U.S. Attorney General Griffin B. Bell, 90; Voice of Moderation as Appeals Court Judge
Tuesday, January 6, 2009
Griffin B. Bell, 90, a corporate lawyer and federal appeals court judge who became the first U.S. attorney general of President Jimmy Carter, his longtime friend and fellow Georgian, died Jan. 5 at Piedmont Hospital in Atlanta.
He had complications from pancreatic cancer, said a spokesman for the venerable Atlanta-based law firm King & Spalding, where Mr. Bell had worked as a young man and after leaving the Carter administration in 1979.

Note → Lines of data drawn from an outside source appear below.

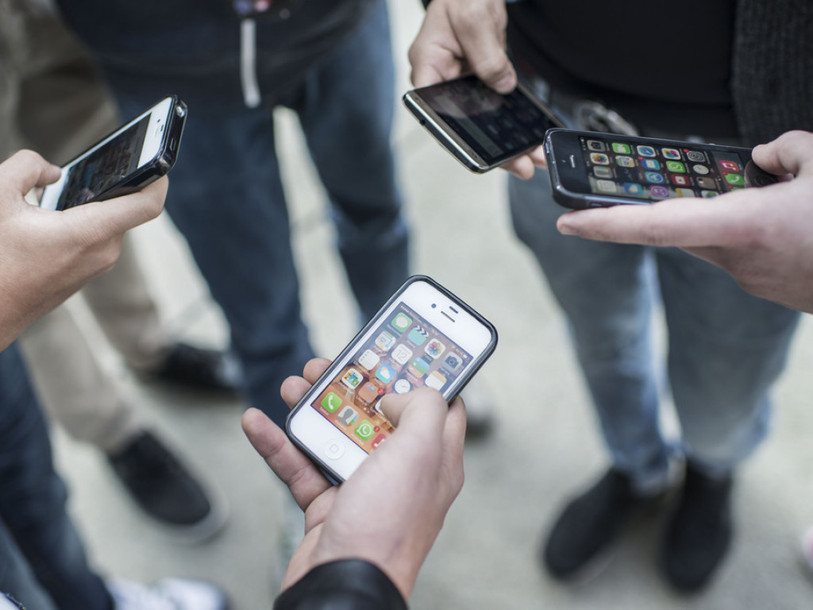 Berne préconise la distribution d'appareils mobiles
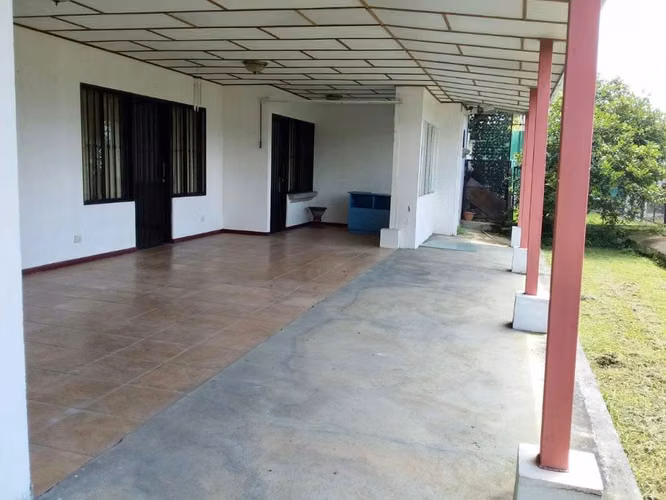 CASA DE UNA PLANTA EN CARIARi - Imagen 5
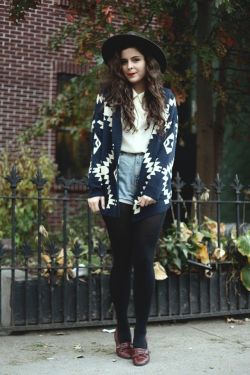 coolhipsterfashion:  The Top Hipster Babes You Can’t Help But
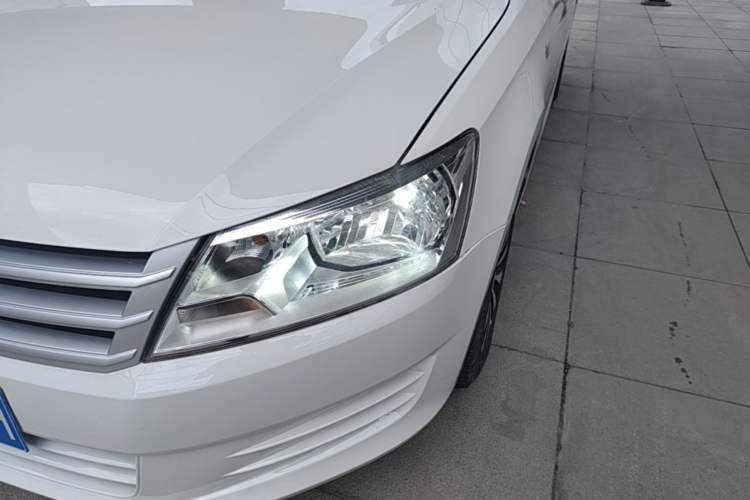Used Volkswagen Santana 2015 1.4L Manual Fashion Edition Left Front Headlight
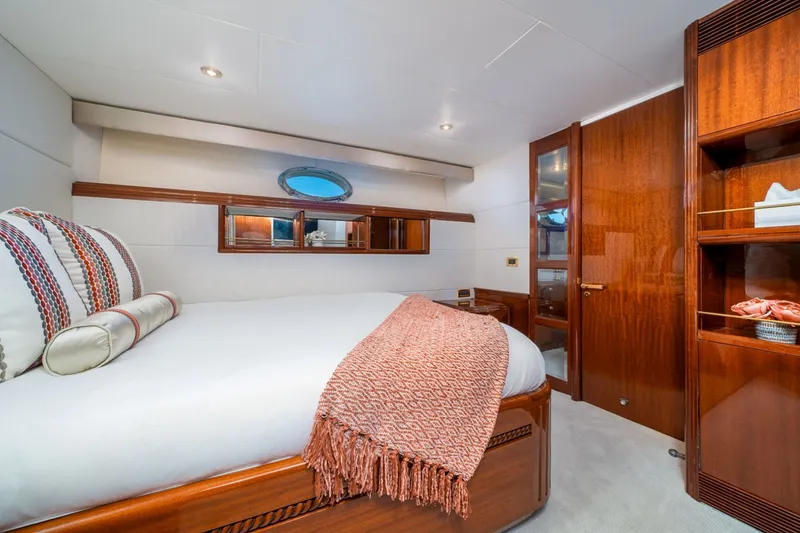 Slide: The Image of Lazzara Yachts 94 2002 - 23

In his post-government career, Mr. Bell enjoyed a reputation as a courtly troubleshooter for major corporations. He was named to many blue-ribbon government commissions and specialized in conducting internal probes of alleged mismanagement at white-collar firms. He enjoyed quail shooting and golfing with heads of state.
As a fast-rising young lawyer in Atlanta, Mr. Bell was also a prodigious fundraiser for Democrats, and he helped engineer an overwhelming victory in Georgia for presidential nominee John F. Kennedy in 1960 as co-manager of the campaign in the state.
In return, Kennedy appointed Mr. Bell in 1961 to the U.S. Court of Appeals for the Fifth Circuit with jurisdiction over much of the Southeast.
During his 15-year tenure, Mr. Bell saw himself as a figure of moderation, particularly on subjects as explosive as civil rights. He ruled in favor of voting rights for blacks and judicial efforts to place more blacks on juries. He came out against mandatory busing as a means to desegregate schools.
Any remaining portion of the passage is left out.